By Matthew Barrett
Huge, huge, huge congratulations to Graeme Archer, who has won the 2011 Orwell Prize for blogging for his writing on ConservativeHome.
Graeme beat a very strong short-list:
- Cath Elliott of Too Much To Say For Myself
- Daniel Hannan MEP
- Duncan McLaren of Visiting Mabel
- Heresiarch of Heresy Corner
- Molly Bennett of Mid-Wife Crisis
- BBC Newsnight's Paul Mason
I'm sure all readers will join me in congratulating Graeme for this hugely deserved award!

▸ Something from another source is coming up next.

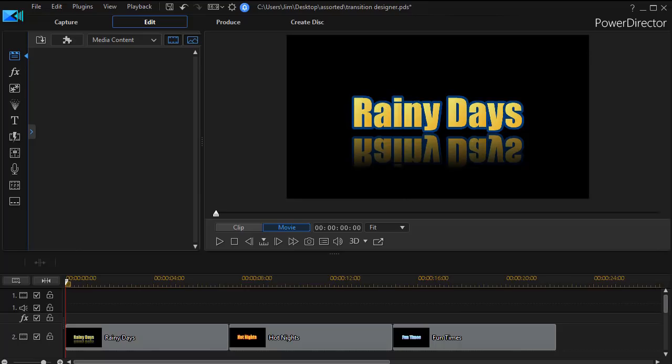In this tutorial in CyberLink PowerDirector we're going to look at how to peel titles off the screen as though they were on a transparent background by using transitions.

8.30am on 18th May | Tim Montgomerie writes:
Over the years of editing ConservativeHome I'm proud of many things we have done. I'm proud we've given members a voice and a place to come together. I think of ConHome as the party conference that never stops. I'm proud of our campaigning for members' rights in the leadership election and other internal party selections. I'm proud of the way we've argued for a broader and more compassionate conservatism. I'm particularly proud that we've been able to encourage new talent. Putting former Deputy Editor Sam Coates on the map, for example, and now, in Matthew Barrett I think we've found another star of the future. It's also been a great privilege to give a platform to writers who otherwise might never have found an audience for their insight and eloquence. Graeme Archer has contributed many dazzling pieces over the years to ConservativeHome. He has made me laugh out loud. His writings have changed my mind about things. His writings have always been characterised by compassion. He has a great gift for relating his own experience of life with his political worldview. Thank you Graeme for all you've contributed to ConHome. You and writers like Andrew Lilico and Peter Cuthbertson have made this site what it is. I am delighted that your brilliance has been recognised.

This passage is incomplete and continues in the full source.